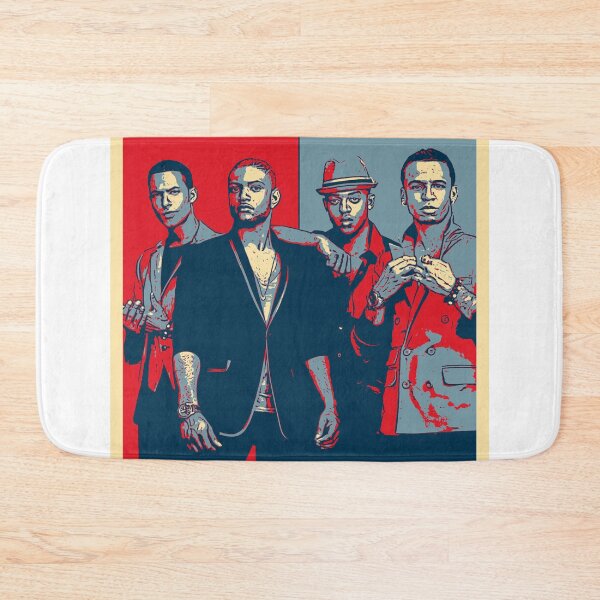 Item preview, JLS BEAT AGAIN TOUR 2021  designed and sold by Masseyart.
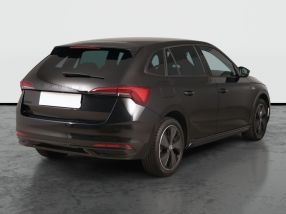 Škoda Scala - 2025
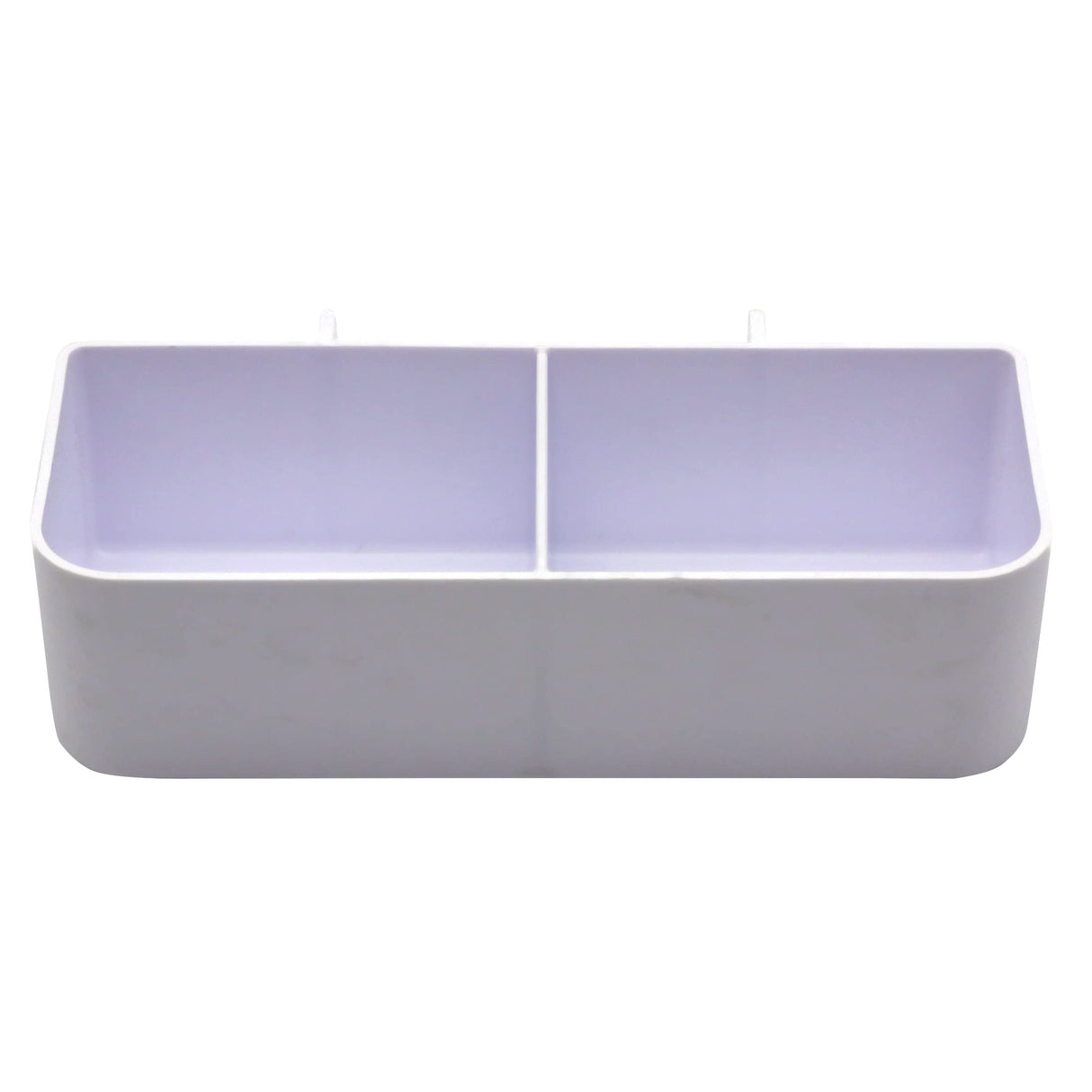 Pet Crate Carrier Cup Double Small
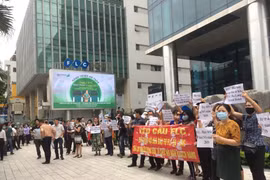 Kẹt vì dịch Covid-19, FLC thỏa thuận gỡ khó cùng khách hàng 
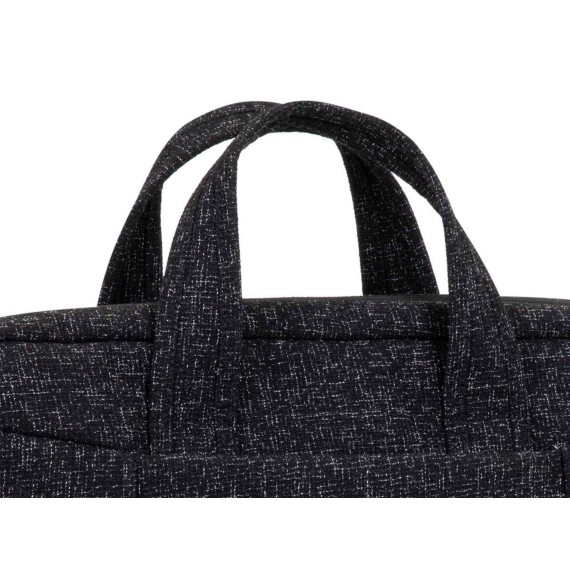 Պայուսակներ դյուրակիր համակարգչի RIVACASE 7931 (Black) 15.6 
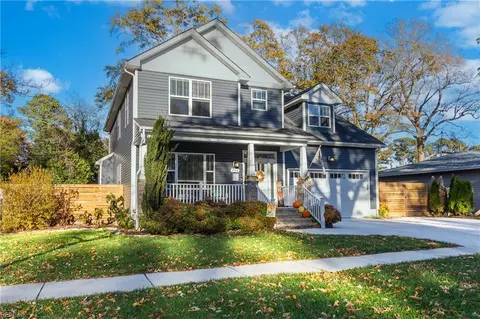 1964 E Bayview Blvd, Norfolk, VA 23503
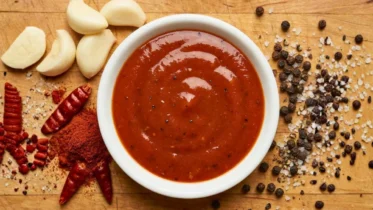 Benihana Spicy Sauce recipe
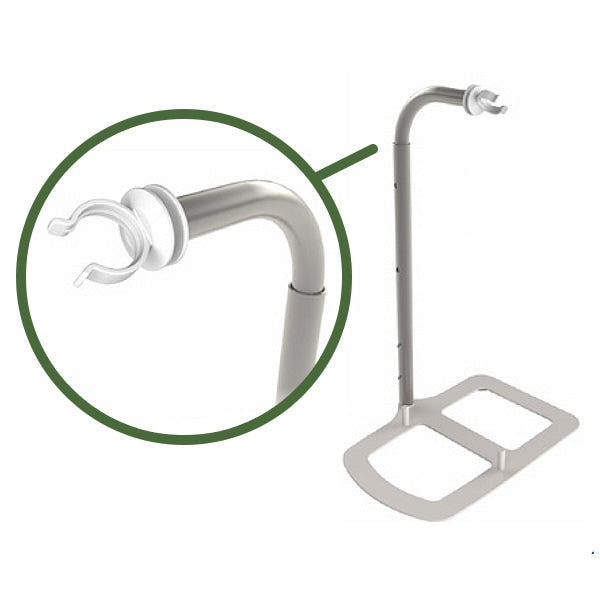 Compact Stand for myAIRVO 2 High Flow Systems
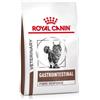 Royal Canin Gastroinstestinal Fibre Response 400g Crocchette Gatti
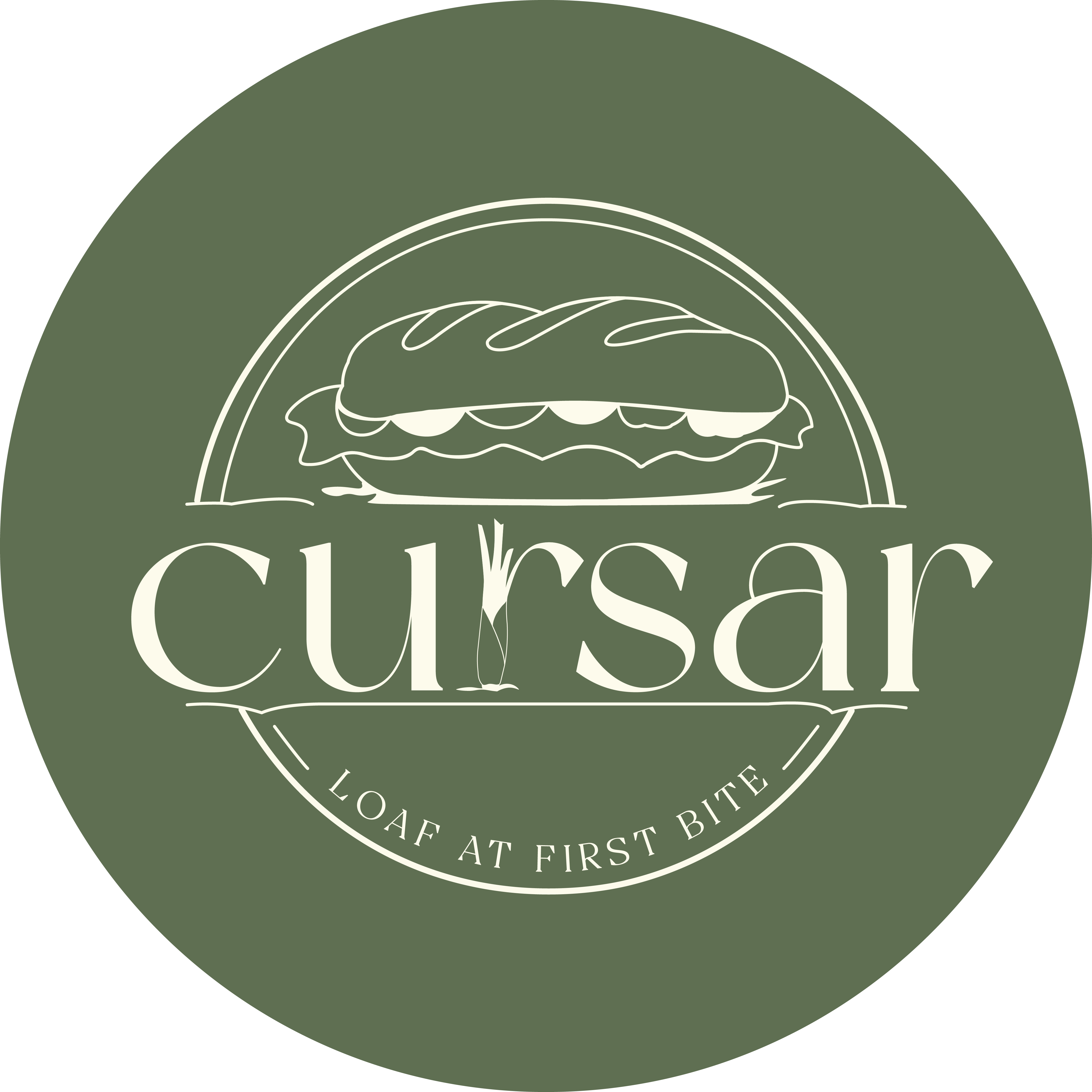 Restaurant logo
------------------------------------
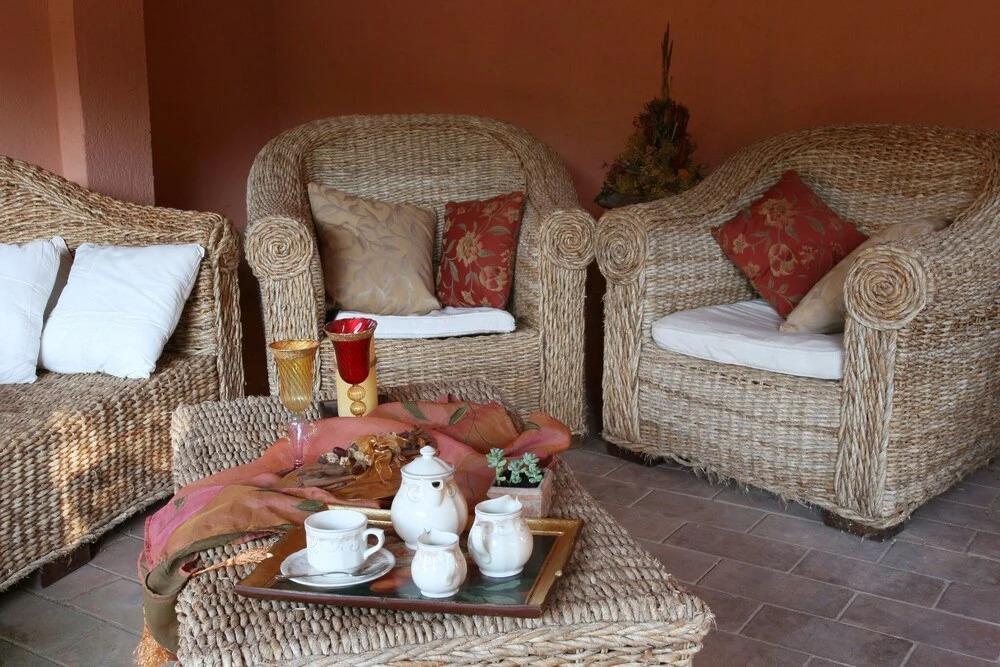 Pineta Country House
------------------------------------
→ Task directions:
In the entries above, find the line with "Item preview, JLS" and the line with "Restaurant logo". Return exactly those lines and all the ones between them, pictures excluded.

→ Final answer:
 Item preview, JLS BEAT AGAIN TOUR 2021  designed and sold by Masseyart.
 Škoda Scala - 2025
 Pet Crate Carrier Cup Double Small
 Kẹt vì dịch Covid-19, FLC thỏa thuận gỡ khó cùng khách hàng 
 Պայուսակներ դյուրակիր համակարգչի RIVACASE 7931 (Black) 15.6 
 1964 E Bayview Blvd, Norfolk, VA 23503
 Benihana Spicy Sauce recipe
 Compact Stand for myAIRVO 2 High Flow Systems
 Royal Canin Gastroinstestinal Fibre Response 400g Crocchette Gatti
 Restaurant logo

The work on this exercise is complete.